“And God is able to bless you abundantly, so that in all things at all times, having all that you need, you will abound in every good work.”
1. How had the Corinthians first responded to Paul’s suggestion to make an offering, and what effect did this have on the Macedonians (1-2)? What was the purpose of sending brothers to Corinth (3-5)? Why was it important to prepare the offering in advance?
2. What principle did Paul remind them of (6)? How did Paul encourage them to exercise their personal faith in giving (7)? What attitude in giving pleases God?
3. Read verse 8. What is God’s blessing? How did Paul emphasize the sufficiency of God’s blessings (Eph 3:20)?

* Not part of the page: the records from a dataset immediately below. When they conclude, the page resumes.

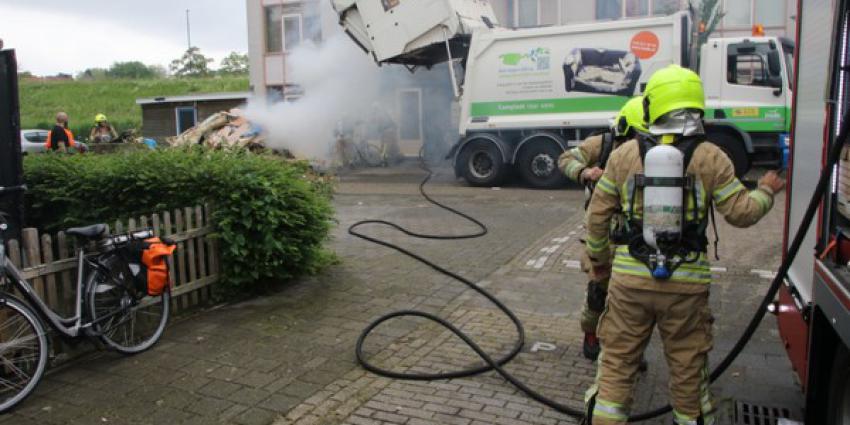 brand, vuilniswagen, hoverboard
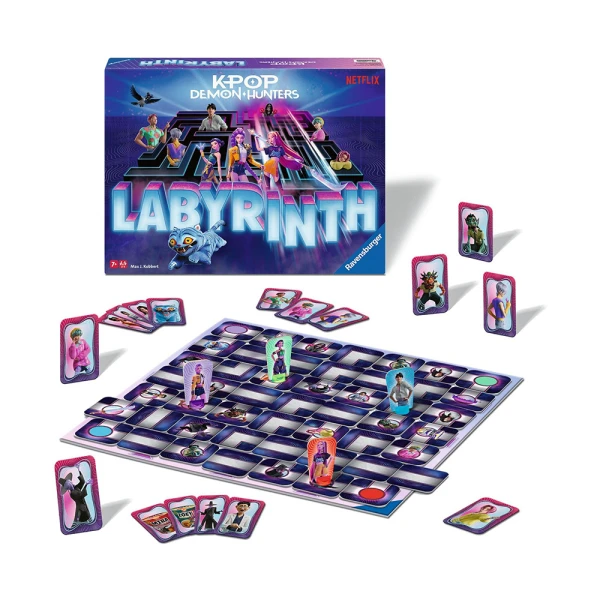 RAVENSBURGER ΟΙΚΟΓΕΝΕΙΑΚΟ ΕΠΙΤΡΑΠΕΖΙΟ ΛΑΒΥΡΙΝΘΟΣ K-POP DEMON HUNTERS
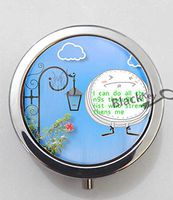 BlackKey I Can Do All Things Through Christ Who Strengthens Me 3-Compartment Decorative Pocket Gift Box Case Organizer for Pill, Color 1 -1489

4. What promises did Paul share with them (9-10)? What does it mean to “be made rich in every way” (1Ti 6:17-19)? Why does a generous giver not need to worry about their future (Mal 3:10; Mt 6:33)? What is the purpose of God’s blessing (11)?
5. What impact did Paul say their generous offering would have on the larger Christian community (12-14)? How would this glorify God? What is Paul’s thanksgiving topic (15)?
“Each of you should give what you have decided in your heart to give, not reluctantly or under compulsion, for God loves a cheerful giver.”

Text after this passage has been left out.